Work instruction.
Reproduce only what runs from the line containing "Чехол для iPhone" to the line containing "Usata BMW X1" in the records below, inclusive. Keep it exact, and keep the pictures out.

Dataset records Block Start

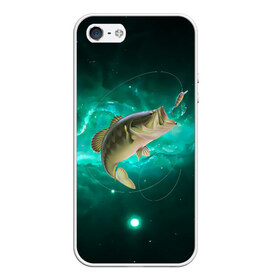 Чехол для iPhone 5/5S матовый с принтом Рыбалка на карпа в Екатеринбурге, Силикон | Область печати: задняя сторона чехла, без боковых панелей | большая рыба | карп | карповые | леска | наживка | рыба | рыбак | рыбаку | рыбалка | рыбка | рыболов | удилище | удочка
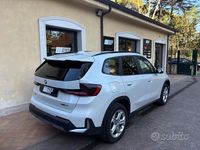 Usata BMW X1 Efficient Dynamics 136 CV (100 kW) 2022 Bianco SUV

Dataset records Block End
Dataset records Block Start

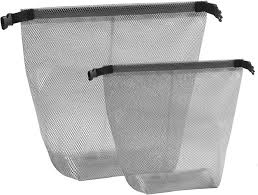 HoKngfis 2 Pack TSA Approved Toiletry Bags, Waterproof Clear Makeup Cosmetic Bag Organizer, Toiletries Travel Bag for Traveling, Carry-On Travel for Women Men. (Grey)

Dataset records Block End
Dataset records Block Start

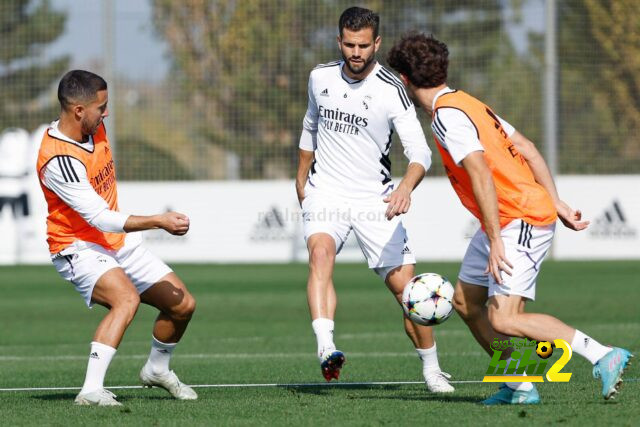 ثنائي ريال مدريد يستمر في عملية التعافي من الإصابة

Dataset records Block End

Solution for this task.
 Чехол для iPhone 5/5S матовый с принтом Рыбалка на карпа в Екатеринбурге, Силикон | Область печати: задняя сторона чехла, без боковых панелей | большая рыба | карп | карповые | леска | наживка | рыба | рыбак | рыбаку | рыбалка | рыбка | рыболов | удилище | удочка
 Usata BMW X1 Efficient Dynamics 136 CV (100 kW) 2022 Bianco SUV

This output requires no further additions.